Bernard Krigstein (March 22, 1919 – January 8, 1990) was born in Brooklyn, New York. Primarily a painter and illustrator, he went into the comic book field to earn extra money for his family before he entered the army in WWII. Most of his pre-war work was uninspired superhero material for ML and he contributed in 1943 with Subbie for Timely. After returning from the war Krigstein's interest in the field as an art form increased, and he had short stints with Novelty (1947, on the Bull's Eye Bill western Strip), Fawcett (1948, on the western Golden Arrow and jungle Nyoka features), DC (1948, on Wildcat and Atom) and several other groups (Pines, National, Hillman), before landing with Atlas in 1950.

Krigstein was used there mainly on crime, horror and science fiction comics. They were all second and third-rate stories, but Editor Stan Lee gave Krigstein considerable artistic freedom and he used these tales to experiment with the make-up and panel breakdown of the comic book page. Though some of the material was interesting, little of it matched the material he began to produce for EC in 1953, where Harvey Kurtzman invited him in.

Krigstein joined EC in the last years of its vaunted 'New Trend' and was one of the final arrivals in a stable that already included talents like Kurtzman, Davis, Crandall, Ingels and others. Krigstein was undoubtedly the most artistically talented – and the hardest to handle from a conformity standpoint. He was interested in expanding the formats of the comic page, and he used the three dozen or so stories he produced for EC to accomplish that goal, much to the chagrin of editors Bill Gaines and Al Feldstein.

Whereas Feldstein wrote stories to fit EC's relatively standardized seven-panel page, Krigstein constantly altered the page layouts to suit his purposes. The captions Feldstein wrote to explain what he visualized as one large panel often got chopped up and spread across several of Krigstein's smaller ones.

Krigstein was redesigning the comic book page along his own lines, and in the process produced some of the most powerful, innovative and sophisticated storytelling techniques ever to be witnessed in comic books. His best known story is undoubtedly Master Race and its 1955 appearance in Impact made it perhaps the most advanced graphic story of its time.
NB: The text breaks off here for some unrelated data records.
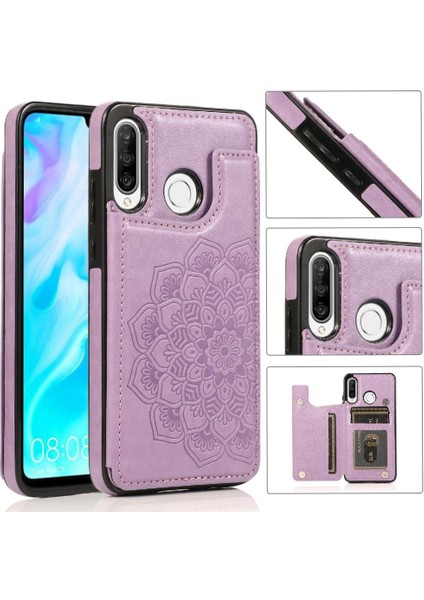 Huawei P30 Lite Flip Darbeye Dayanıklı Desen Için Kart Tutucu Kılıf ile Cüzdan (Yurt Dışından)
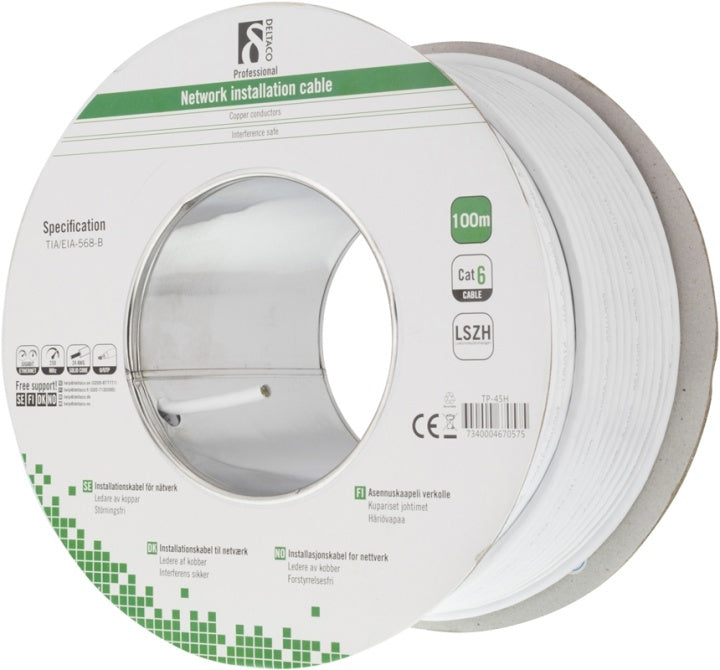 DELTACO LSZH UTP installationskabel, Cat6, 100m, vit (TP-45H)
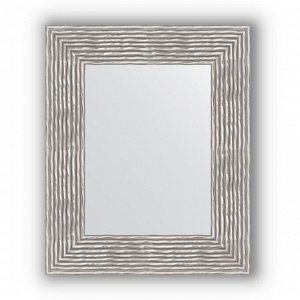 Зеркало в багетной раме - волна хром 90 мм, 46 х 56 см, Evoform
Kriegstein contributed to Incredible Science Fiction, Crime Suspenstories and The Vault of Horror.

EC's color books folded in early 1956, and Krigstein continued to work for Timely/Marvel on Astonishing, Journey into Mystery, Strange Tales and others. After contributing material to the short-lived Picto-Fiction series and more stories for Atlas, Krigstein turned to commercial illustration. A final record was made as he managed to put 75 panels into a 4page story, They Went Below in Uncanny Tales in 1962. He contributed to 87th Precinct for Western in 1962, but eventually Krigstein devoted his career to painting, concentrating primarily in oils, watercolors and pastels.

Listed in 'The Who's Who of American Artists' he got to be an accomplished painter with several awards and many one-man and group shows to his credit. He also took a position at the 'High School of Art and Design' in Manhattan where he taught for 20 years.

As Krigstein told a 1962 interviewer: 'It's what happens between the panels that's so fascinating. Look at all that dramatic action that one never gets a chance to see. It is between these panels that the fascinating stuff takes place. And unless the artist would be permitted to delve into that, the form must remain infantile'.